Various gcc developers are working on Link Time Optimization, also known as Whole Program Optimization. When using LTO, gcc will write the intermediate representation into the object file. At link time, gcc will read it in and use it to implement cross-module optimizations. The canonical optimization which requires LTO is inlining functions across object file boundaries, which can be a very effective optimization for many programs. Most modern compilers support a version of LTO; gcc is a late-comer here, but that is typical for gcc.
However, the main issue with LTO is speed. If it takes too long to compile a program in LTO mode, then nobody will use it. That is the fate of gcc’s current whole program optimization mode, selected by -combine. The -combine option is also currently restricted to be C only, although the author, Geoff Keating, has done some work toward extending it to C++.

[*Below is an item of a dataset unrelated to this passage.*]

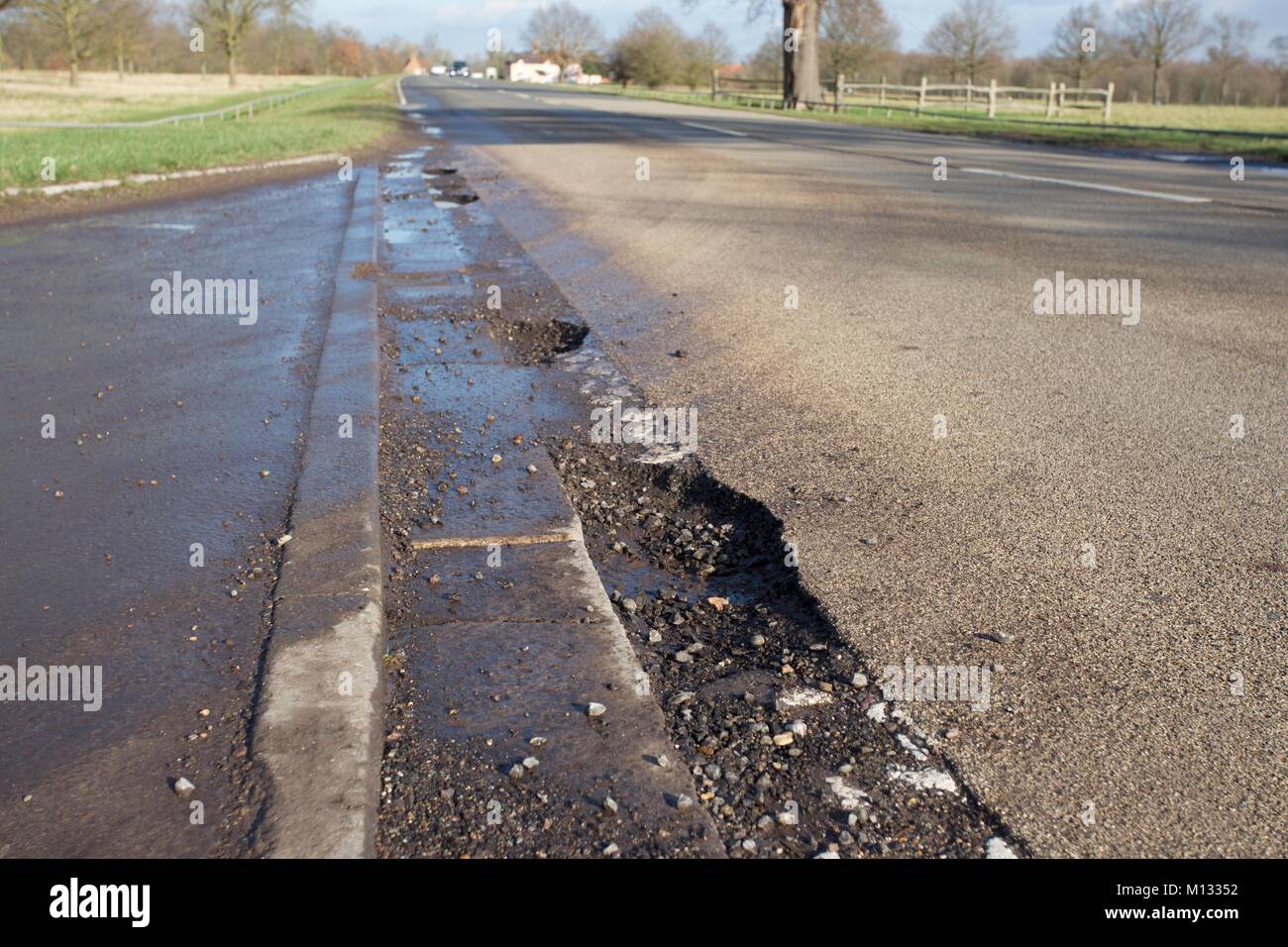 Multiple potholes in road hires stock photography and images Alamy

In order to make LTO fast enough to use, we need to make reading the IR during the LTO phase as fast as possible. We need to make decisions about inlining and other optimizations as fast as possible, which means that we need to have compact summary information about different object files, and we need to be able to process it quickly. Once we have made decisions about what to optimize, we need to implement those optimizations as quickly as possible. We can not assume that we will be able to hold the IR for all functions in memory; that will not be feasible for a reasonably sized program. We must be prepared to read and discard IR as necessary.
Our goal for this has to be that we can apply LTO to a large program in a few minutes at most. Anything more is going to be useless in practice. This is going to require attention to speed at all levels. The IR and summary information must be designed for quick reading. The implementation of optimizations will have to be done in parallel where possible–e.g., we will need to be able to have the backend invoke distcc to complete the compilation steps.
In practice we will need to use profile information to drive the LTO optimizations. We will need to be able to only apply LTO to hot functions, in order to reduce the time and maximize the benefits.
There is a long way to go to make all this happen.